Work to complete
Print only the lines below from the one with "mix Ash Blonde" to the one with "CasiOak Carbon Fiber", both included, exactly as they stand. Leave pictures out.

Dataset
>>>>

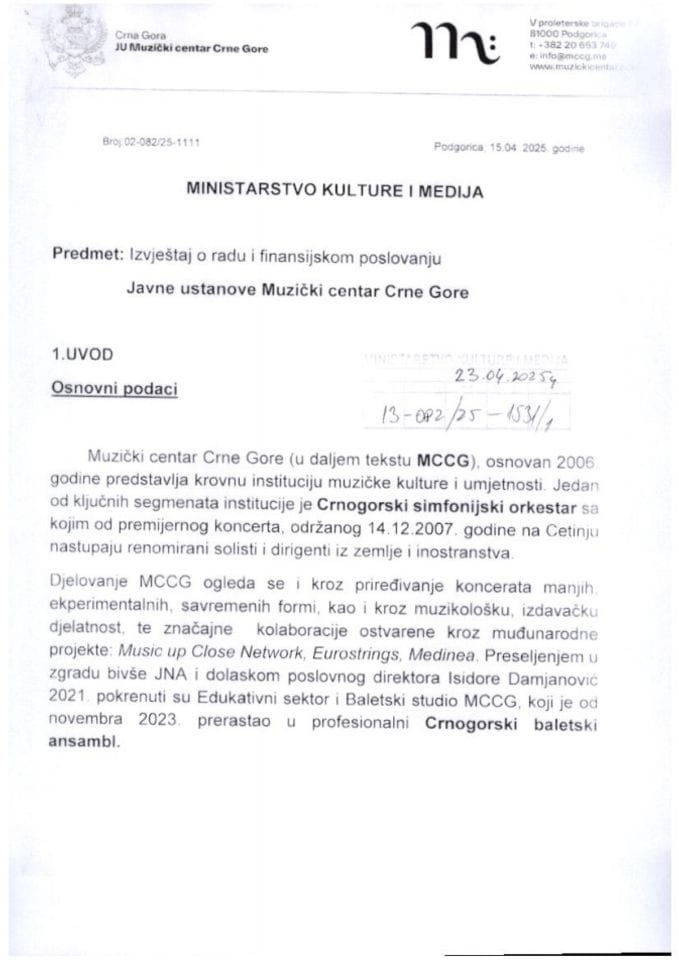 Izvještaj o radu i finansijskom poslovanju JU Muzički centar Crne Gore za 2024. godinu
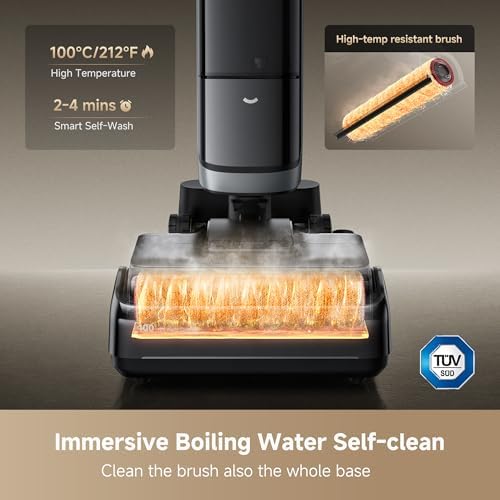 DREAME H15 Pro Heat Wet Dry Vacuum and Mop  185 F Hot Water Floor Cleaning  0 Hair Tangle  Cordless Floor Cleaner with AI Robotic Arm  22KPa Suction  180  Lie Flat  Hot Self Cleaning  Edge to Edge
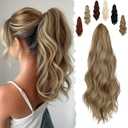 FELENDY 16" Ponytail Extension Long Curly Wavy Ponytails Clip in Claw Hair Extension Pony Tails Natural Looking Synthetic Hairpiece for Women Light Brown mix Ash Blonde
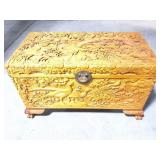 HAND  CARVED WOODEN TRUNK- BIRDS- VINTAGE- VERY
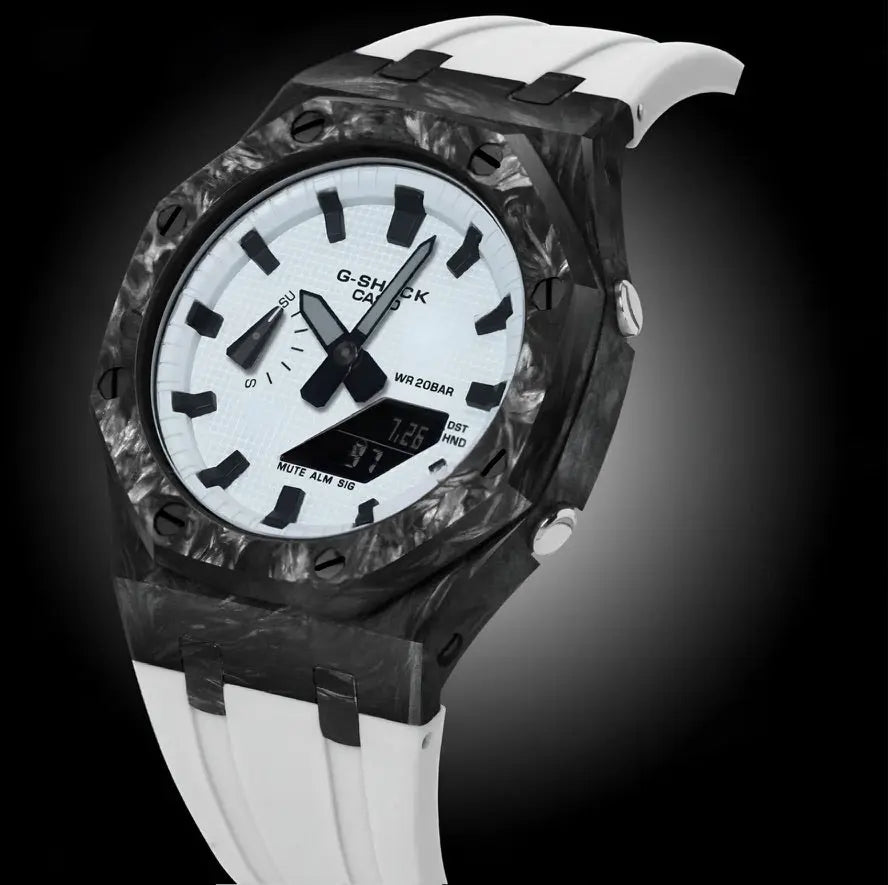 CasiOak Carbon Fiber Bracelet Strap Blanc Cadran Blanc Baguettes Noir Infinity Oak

<<<<
>>>>

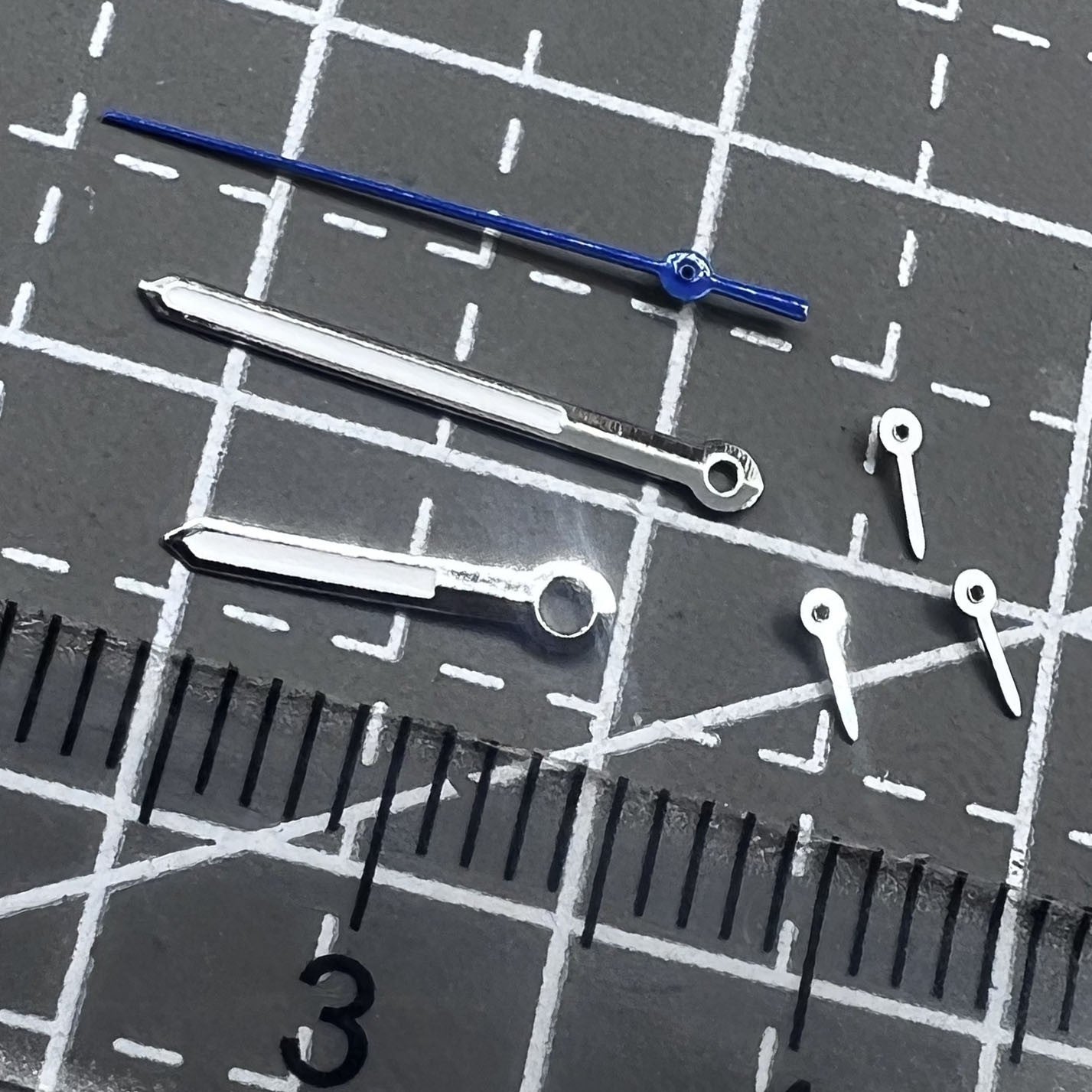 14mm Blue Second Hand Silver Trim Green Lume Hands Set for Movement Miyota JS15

<<<<

Exercise solution
 FELENDY 16" Ponytail Extension Long Curly Wavy Ponytails Clip in Claw Hair Extension Pony Tails Natural Looking Synthetic Hairpiece for Women Light Brown mix Ash Blonde
 HAND  CARVED WOODEN TRUNK- BIRDS- VINTAGE- VERY
 CasiOak Carbon Fiber Bracelet Strap Blanc Cadran Blanc Baguettes Noir Infinity Oak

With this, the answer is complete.